“A sure way for one to lift himself up is by helping to lift someone else.”
– Booker T. Washington (educator/social reformer/writer)
To vote or not to vote, that is the question. So many are torn over the issue. Comments range from “I don’t do politics,” to “I can’t wait to vote” to “there’s no point, we’ll never have a black president anyway.”
Washington was talking about the third of the seven principles of Kwanzaa – Ujima, which is Swahili for collective work and responsibility. Washington believed black people should use the system to their advantage and work together.
Playwright Lorraine Hansberry said, “The foremost enemy of the Negro intelligentsia has been isolation.”
For black people, the biggest war is not against racist ideals and prejudice practices, but it is a war of the mind. America’s creeds of capitalism have conditioned blacks to try to make it alone.
The odds are that much more against him or her if a lone soldier is going up against thousands of troops.

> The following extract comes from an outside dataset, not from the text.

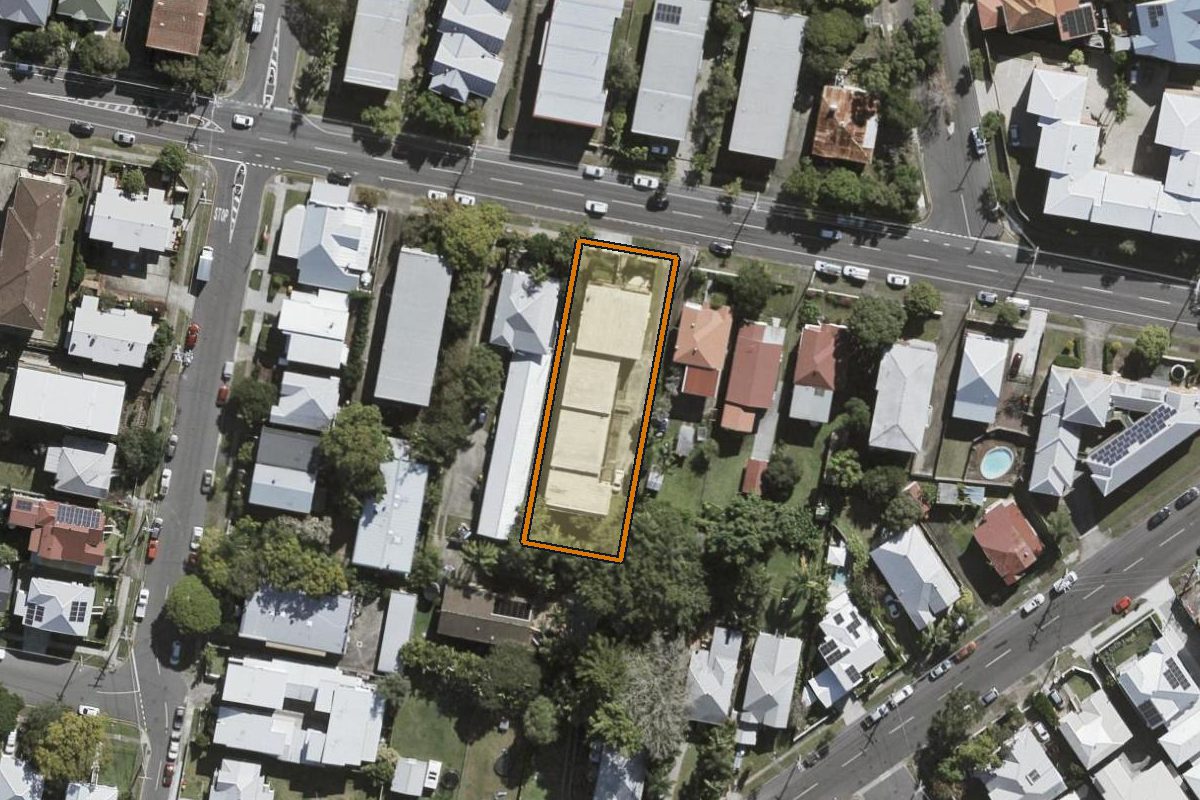 Aerial photo of 1/371 Cornwall Street, Greenslopes QLD 4120 with the lot boundary outlined in amber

Power in numbers is one of the most potent weapons.
This power can be exercised across the board, even in the voting booths. There is a prevalent belief that the ballot carries no weight and in a sense, that is accurate. With the electoral college, individual votes are not tallied up and counted as a democracy implies and as citizens are trained to believe.
Yet, is inaction the answer? Can the complaints of an unfair system solidify into the means to destroy it? Not quite.
“I don’t do politics” is a political statement in itself. The system will be there whether you close your eyes or not. There is no separation between politics and the people. This misconception that simply not participating in the political system means exemption from it has plagued the black community for some time.
On the flip side, can a system set up in contrast to African principles ever be used to help black people? That’s also unlikely.
The catch 22 is apparent and for many, discouraging, but from a time when black people were denied civil liberties, the right to vote is often taken for granted.
However, the right to vote was not the battle. As Hansberry said, black people were fighting to come together. Black people were fighting to become one against the powers that sought to divide them.
Today, it seems that the fight has been forgotten. Black people are content to wander the wayward streets too proud to ask for help.
It’s never been about the vote. It’s about the people. Whether we choose to try to go within the system or charge it from the outside, it’s a mission that we must do as one unit or we will fail.